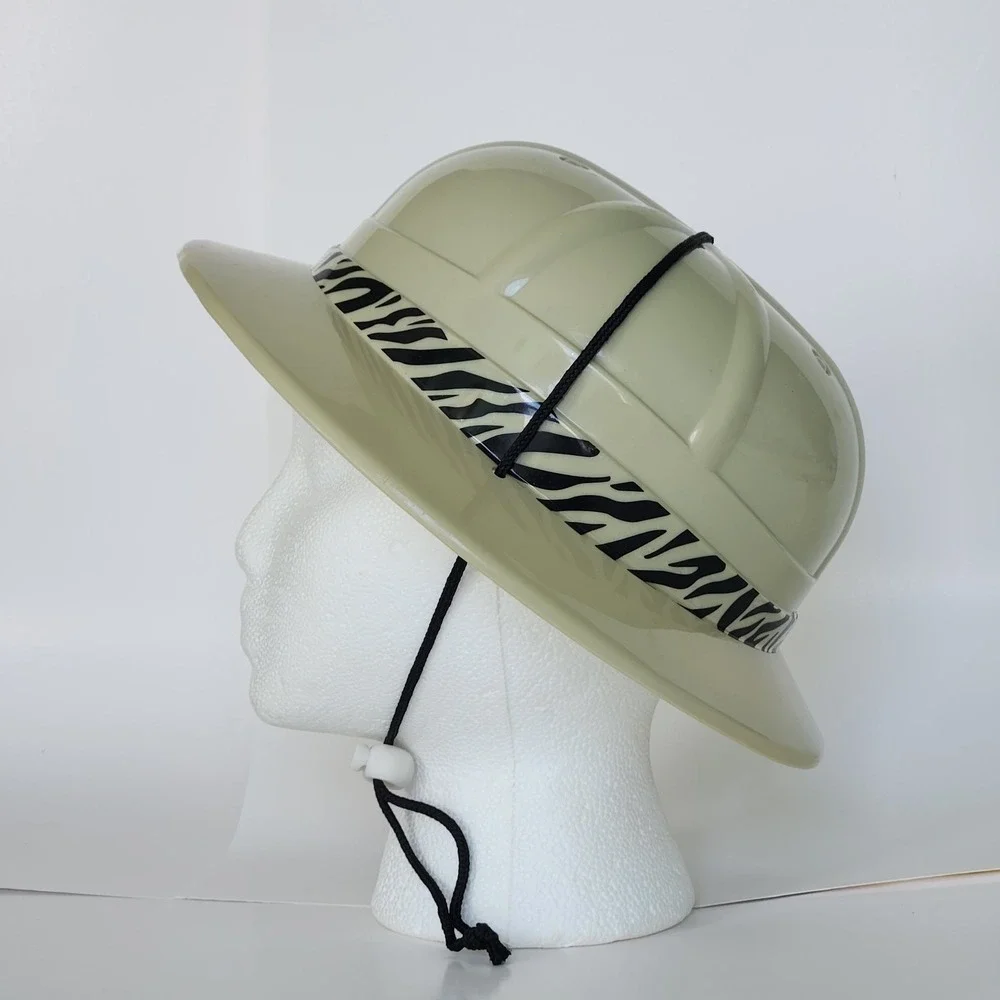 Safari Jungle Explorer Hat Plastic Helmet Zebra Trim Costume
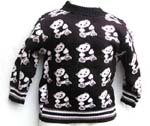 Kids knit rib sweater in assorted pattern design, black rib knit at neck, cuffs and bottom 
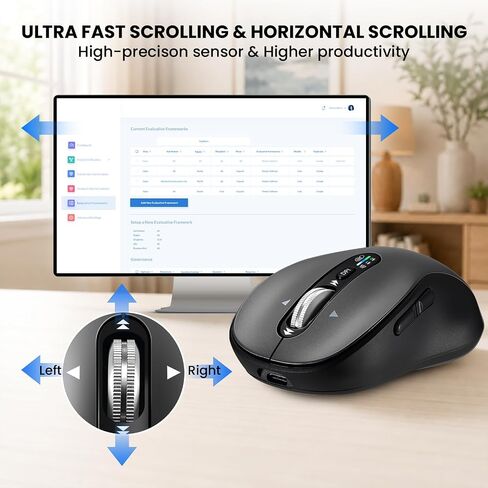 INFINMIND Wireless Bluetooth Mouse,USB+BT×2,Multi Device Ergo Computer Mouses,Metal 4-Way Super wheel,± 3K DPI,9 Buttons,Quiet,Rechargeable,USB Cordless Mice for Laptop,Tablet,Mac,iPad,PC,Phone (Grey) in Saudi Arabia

★ ★ ★ ★

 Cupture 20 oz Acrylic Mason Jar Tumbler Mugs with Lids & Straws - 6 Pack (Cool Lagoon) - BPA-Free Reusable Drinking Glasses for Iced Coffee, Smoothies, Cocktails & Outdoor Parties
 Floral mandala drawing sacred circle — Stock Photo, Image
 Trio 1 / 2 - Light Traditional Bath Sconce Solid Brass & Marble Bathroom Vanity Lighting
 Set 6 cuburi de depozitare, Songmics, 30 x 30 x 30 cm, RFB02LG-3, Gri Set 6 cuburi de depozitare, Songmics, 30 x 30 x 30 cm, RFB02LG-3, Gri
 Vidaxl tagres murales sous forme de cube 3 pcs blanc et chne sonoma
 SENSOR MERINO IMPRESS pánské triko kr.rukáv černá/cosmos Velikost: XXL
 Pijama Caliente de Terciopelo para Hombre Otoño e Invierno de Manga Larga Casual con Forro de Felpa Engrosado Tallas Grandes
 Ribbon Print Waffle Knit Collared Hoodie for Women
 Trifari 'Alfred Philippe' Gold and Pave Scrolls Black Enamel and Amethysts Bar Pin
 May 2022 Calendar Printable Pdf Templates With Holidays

★ ★ ★ ★

*What you will do:*
Give back exactly the lines of the listing above that run from the line with "Trifari 'Alfred Philippe'" to the line with "May 2022 Calendar", inclusive.

*Solution to the exercise:*
 Trifari 'Alfred Philippe' Gold and Pave Scrolls Black Enamel and Amethysts Bar Pin
 May 2022 Calendar Printable Pdf Templates With Holidays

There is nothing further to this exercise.